Wexler speaks on church-state and other constitutional issues across the United States and internationally. In the fall of 2022, he spent six weeks as a visiting scholar at the Jigme Singye Wangchuck School of Law, the first and only law school in the Kingdom of Bhutan, and returned there to teach a course in comparative free speech law in the fall of 2024. Wexler has previously taught US Constitutional Law on a Fulbright Fellowship at the University of Buenos Aires, constitutional civil liberties at the University of Lyon 3, and church-state law on a Fulbright Fellowship at Jagiellonian University in Krakow, Poland. He has delivered lectures on constitutional and environmental topics in Bangkok, Hanoi, Madrid, Moscow, Oslo, Santiago, Tallinn, and Warsaw. In addition, Professor Wexler has appeared as a church-state law expert in the documentary film Hail Satan? which premiered at the Sundance Film Festival in 2018, and in an episode of the Emmy award winning A&E series Leah Remini: Scientology and the Aftermath.

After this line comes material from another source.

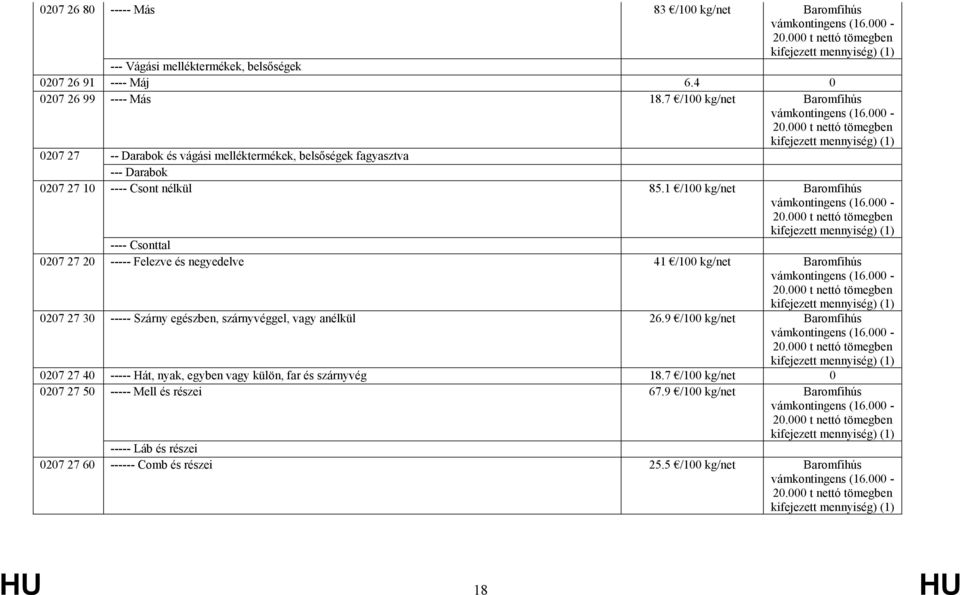 1 /100 kg/net Baromfihús ---- Csonttal 0207 27 20 ----- Felezve és negyedelve 41 /100 kg/net Baromfihús 0207 27 30 ----- Szárny egészben, szárnyvéggel, vagy anélkül 26.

Before coming to BU Law, Professor Wexler worked as a law clerk for Judge David Tatel on the DC Circuit Court of Appeals and Justice Ruth Bader Ginsburg at the United States Supreme Court. From 1999 to 2001, he was an attorney advisor at the Office of Legal Counsel in the Department of Justice where he provided advice on constitutional and statutory issues to various members of the executive branch.